— Recorded information —
* * * * *
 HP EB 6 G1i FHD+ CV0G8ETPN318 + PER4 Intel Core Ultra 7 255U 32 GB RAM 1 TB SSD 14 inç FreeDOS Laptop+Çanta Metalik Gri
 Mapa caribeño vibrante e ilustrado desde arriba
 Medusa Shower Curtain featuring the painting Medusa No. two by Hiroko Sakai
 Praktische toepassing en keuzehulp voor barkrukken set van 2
* * * * *
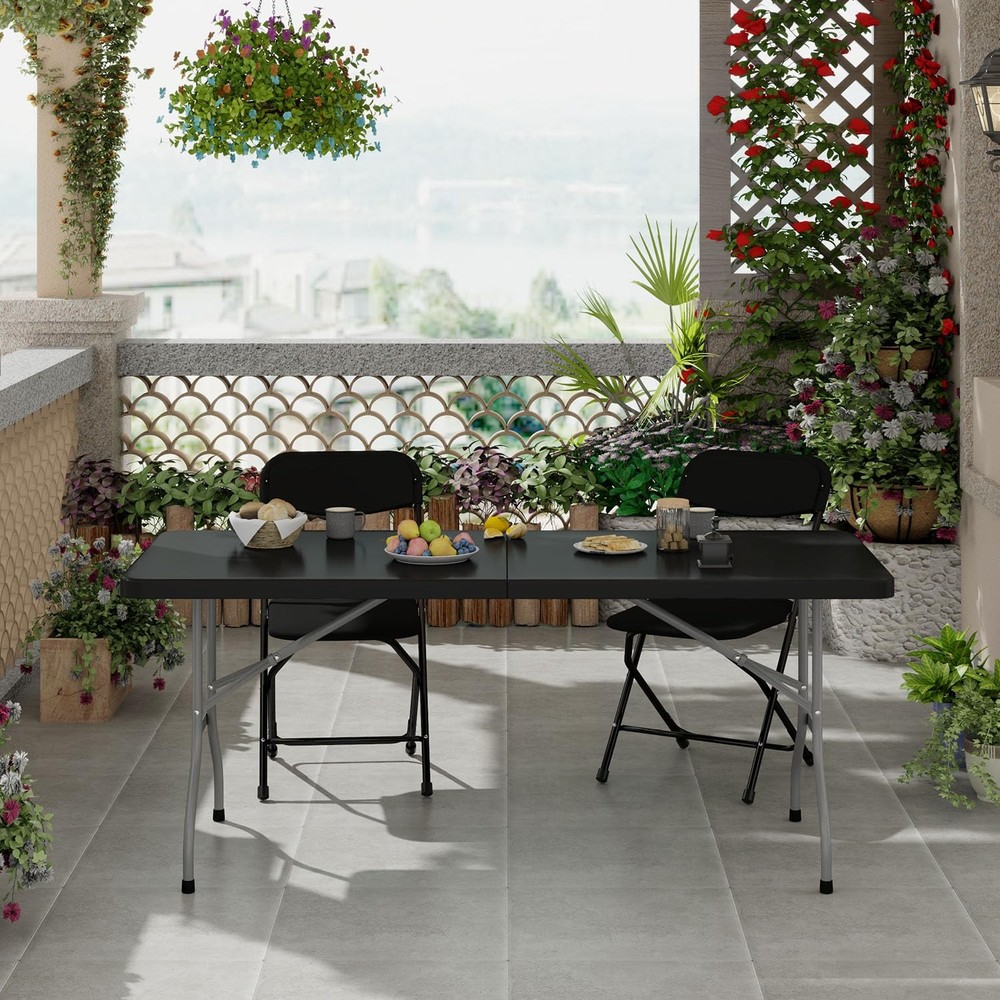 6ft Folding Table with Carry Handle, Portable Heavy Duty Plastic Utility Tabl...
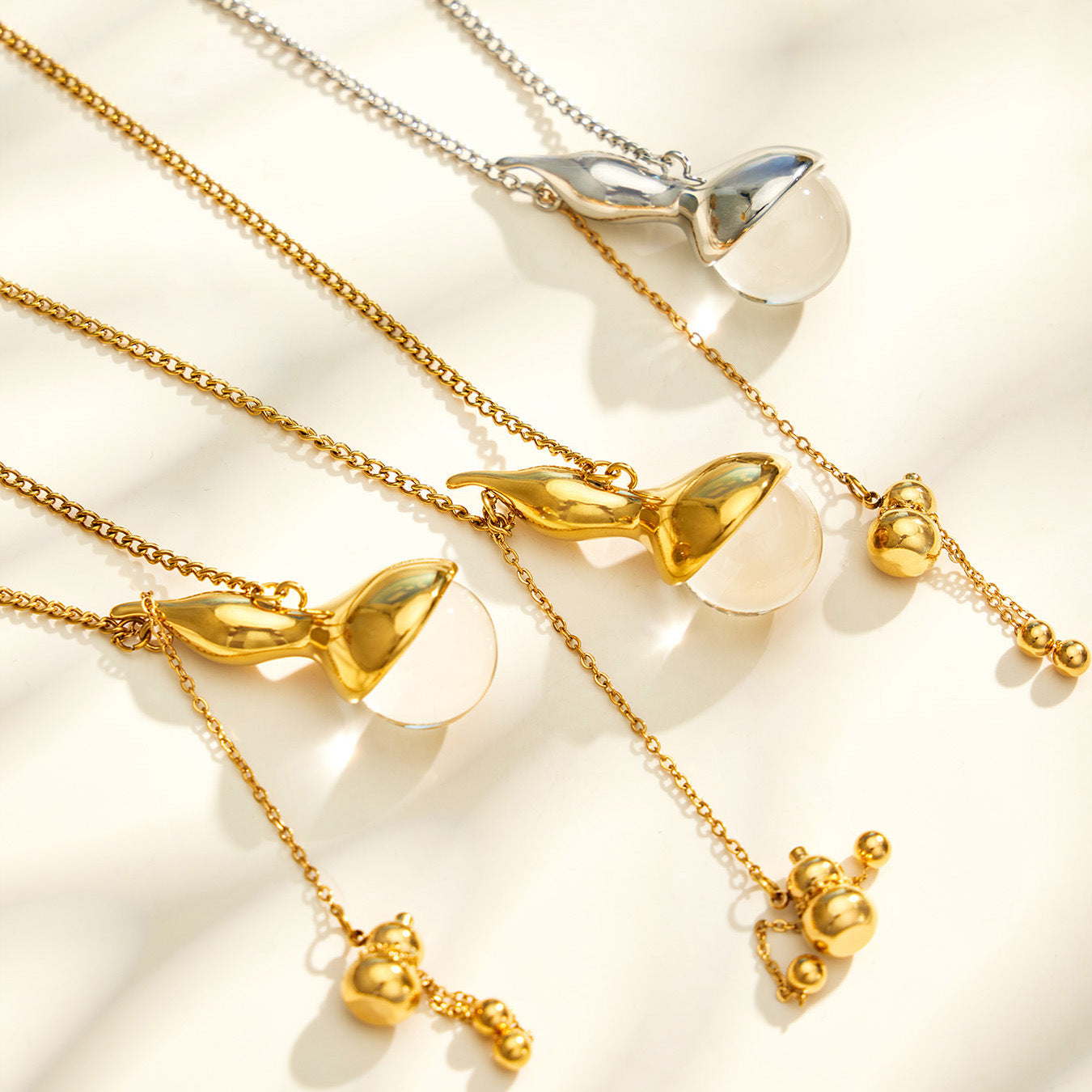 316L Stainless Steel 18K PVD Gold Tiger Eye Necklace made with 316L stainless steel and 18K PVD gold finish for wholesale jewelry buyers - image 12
* * * * *
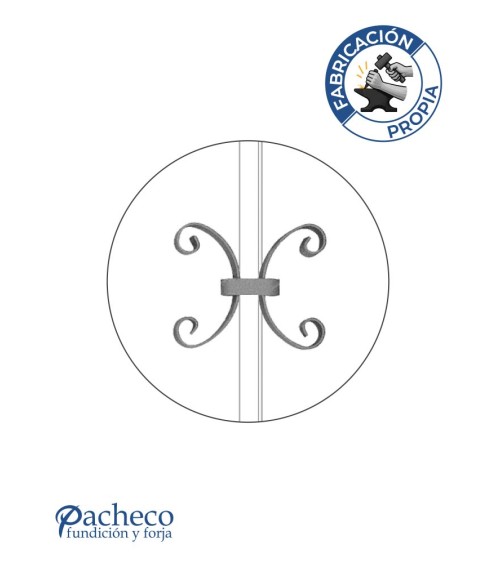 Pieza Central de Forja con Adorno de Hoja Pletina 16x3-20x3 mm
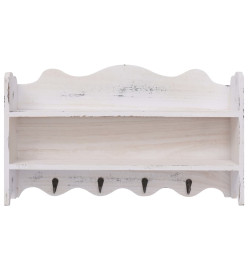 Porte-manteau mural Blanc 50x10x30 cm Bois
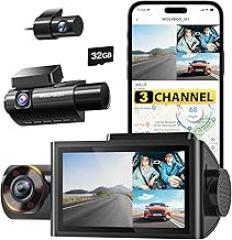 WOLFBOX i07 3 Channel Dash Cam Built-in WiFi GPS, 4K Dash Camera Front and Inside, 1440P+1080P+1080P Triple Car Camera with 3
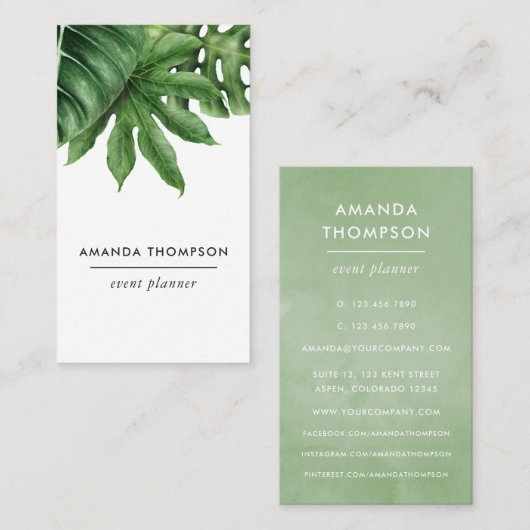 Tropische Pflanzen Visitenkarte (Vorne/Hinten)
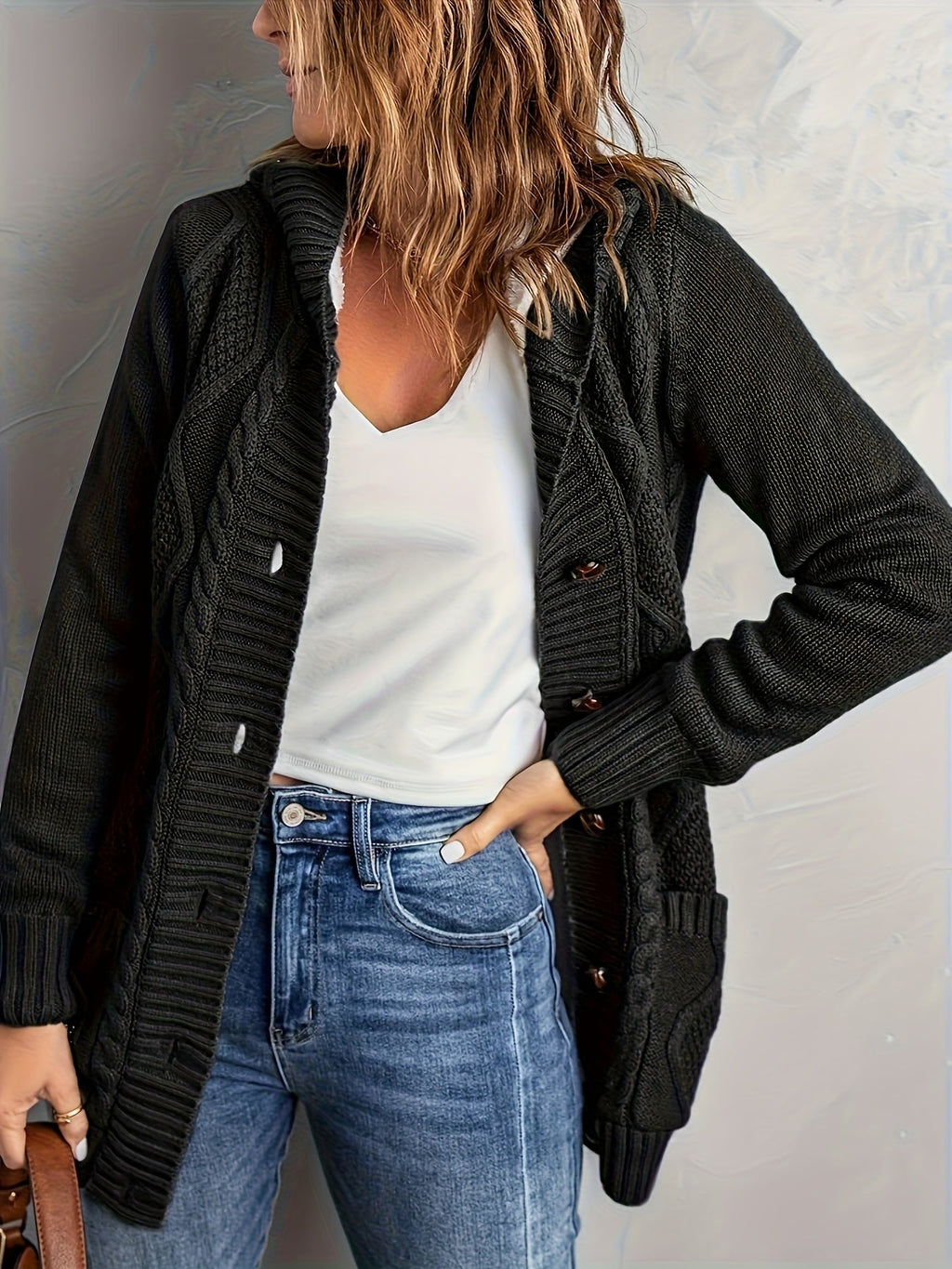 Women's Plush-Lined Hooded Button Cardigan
* * * * *
— What is needed —
What's needed is an exact copy of the records above from the line containing "6ft Folding Table" down to the line containing "316L Stainless Steel 18K", both included, without any pictures.

— Answer section —
 6ft Folding Table with Carry Handle, Portable Heavy Duty Plastic Utility Tabl...
 316L Stainless Steel 18K PVD Gold Tiger Eye Necklace made with 316L stainless steel and 18K PVD gold finish for wholesale jewelry buyers - image 12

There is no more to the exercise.